Jess looked away from their embrace, trying to hide her surprise. Dani Newell was his girlfriend? In ten million years, she never would have guessed they were a couple. Caught up in his hug, Dani laughed, red-cheeked, so different from the wound-tight girl who sat across from her, avoiding eye contact. Even her hair had loosened, the sides falling around her face.
Paul dropped her to the ground, and they whispered to each other. Jess pressed a stamp on an envelope and smoothed its ridged edges.
Dani said, “How are you?”
Jess looked up, and Dani was staring straight at her. Me? she almost said. She sat up straighter. “Fine.”
Dani said, “I hear you scared the hell out of Marci Tennant.”
Jess rubbed the stamp, wondering if this was a trick of some kind. She gave a tentative smile. “I don’t know. I guess. She definitely hates my guts.”
“She’s an idiot,” Dani said. She shook her head, pushing her glasses up her nose.
Jess smiled for real then. “Blithering,” she said. “She and her wicked scrunchie minions.”
Dani nodded, the corner of her mouth quirked. As Paul took her hand and led her toward his house, she turned and waved at Jess. “See you at lunch then.”
Jess waved back. “See you.” A lump rose in her throat, and she swallowed hard on it. Seeing. To be seen. She pressed her thumb hard on the stamp.
The next day at lunch in Ms.
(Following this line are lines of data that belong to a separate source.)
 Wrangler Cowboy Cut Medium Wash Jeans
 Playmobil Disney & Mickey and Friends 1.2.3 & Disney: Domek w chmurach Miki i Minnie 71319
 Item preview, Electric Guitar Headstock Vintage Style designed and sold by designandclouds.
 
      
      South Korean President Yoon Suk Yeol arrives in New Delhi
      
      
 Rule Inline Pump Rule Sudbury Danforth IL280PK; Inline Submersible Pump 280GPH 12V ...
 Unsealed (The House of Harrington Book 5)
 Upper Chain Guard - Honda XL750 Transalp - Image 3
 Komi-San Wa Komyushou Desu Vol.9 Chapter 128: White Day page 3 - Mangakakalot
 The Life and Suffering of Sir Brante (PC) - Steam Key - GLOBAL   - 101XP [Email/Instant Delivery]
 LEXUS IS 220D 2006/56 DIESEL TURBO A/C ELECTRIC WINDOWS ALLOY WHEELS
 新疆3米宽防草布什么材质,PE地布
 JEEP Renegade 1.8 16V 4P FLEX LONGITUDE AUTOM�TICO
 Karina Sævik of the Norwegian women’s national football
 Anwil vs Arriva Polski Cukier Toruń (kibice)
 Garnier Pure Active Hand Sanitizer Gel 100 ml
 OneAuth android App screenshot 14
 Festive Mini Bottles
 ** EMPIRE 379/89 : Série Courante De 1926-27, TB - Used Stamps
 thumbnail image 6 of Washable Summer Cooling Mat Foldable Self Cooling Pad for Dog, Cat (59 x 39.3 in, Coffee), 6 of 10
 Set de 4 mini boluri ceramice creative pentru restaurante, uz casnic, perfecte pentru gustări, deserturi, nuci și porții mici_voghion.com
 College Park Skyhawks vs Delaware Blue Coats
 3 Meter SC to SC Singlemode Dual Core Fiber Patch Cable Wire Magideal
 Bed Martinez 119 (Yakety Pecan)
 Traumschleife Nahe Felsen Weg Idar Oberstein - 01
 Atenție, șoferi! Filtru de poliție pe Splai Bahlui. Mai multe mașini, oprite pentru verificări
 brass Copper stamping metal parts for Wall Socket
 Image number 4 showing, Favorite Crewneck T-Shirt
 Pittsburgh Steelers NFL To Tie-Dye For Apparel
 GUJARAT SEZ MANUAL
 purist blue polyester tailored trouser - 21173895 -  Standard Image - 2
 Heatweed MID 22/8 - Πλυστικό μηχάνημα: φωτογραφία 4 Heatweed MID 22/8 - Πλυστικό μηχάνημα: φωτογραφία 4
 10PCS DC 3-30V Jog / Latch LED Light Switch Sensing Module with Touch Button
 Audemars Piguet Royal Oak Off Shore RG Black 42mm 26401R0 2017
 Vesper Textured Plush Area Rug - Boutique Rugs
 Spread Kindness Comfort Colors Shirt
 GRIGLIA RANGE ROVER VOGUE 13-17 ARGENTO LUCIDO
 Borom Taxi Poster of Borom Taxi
G’s classroom, Dani sat at her desk again, wrapped up in her reading, and for a moment Jess thought nothing had changed. She moved toward her usual seat.
Dani spoke without lifting her eyes from the book. “There’s a chair here.” She pointed at the desk next to her. Jess saw then she’d angled the desks. So they could talk.
Jess said, “Sure.” She slid into the desk and dropped her bag.
Ms. G watched them and nodded. “About time. Thought I was going to have to issue a written invitation.” She smiled and returned to her grading.
Dani kept reading, and Jess peered over at her book.
“Maus? For Mr. Manning?” she asked.
“Yep.”
“Me, too.” Jess pulled the books from her bag.
“I figured. What do you think?”
“About the book? It’s great,” Jess said.
Dani looked up, her eyes large and serious behind her glasses. “No, don’t be facile. What do you think?”
Jess tilted her head and leaned back in the desk, stretched her long legs. She shrugged. “I think it exposes the largeness of the evil through the smallness of the detail, through its attention to moments. I think it doesn’t flinch. I think Art Spiegelman is a genius. Does that meet your approval?”
Dani smiled her hooked smile. “Fucking A.” She launched into her own analysis, gesturing with her hands, her owl eyes bright. As she spoke, she held out a baggie full of chocolate chip cookies. Jess reached out and took one. Biting down on the cookie, she wished she had something to offer in return besides a handful of browned apple slices and some crumbled pretzels. She chewed, content not to speak, to listen, to hear the happy thump of her heart.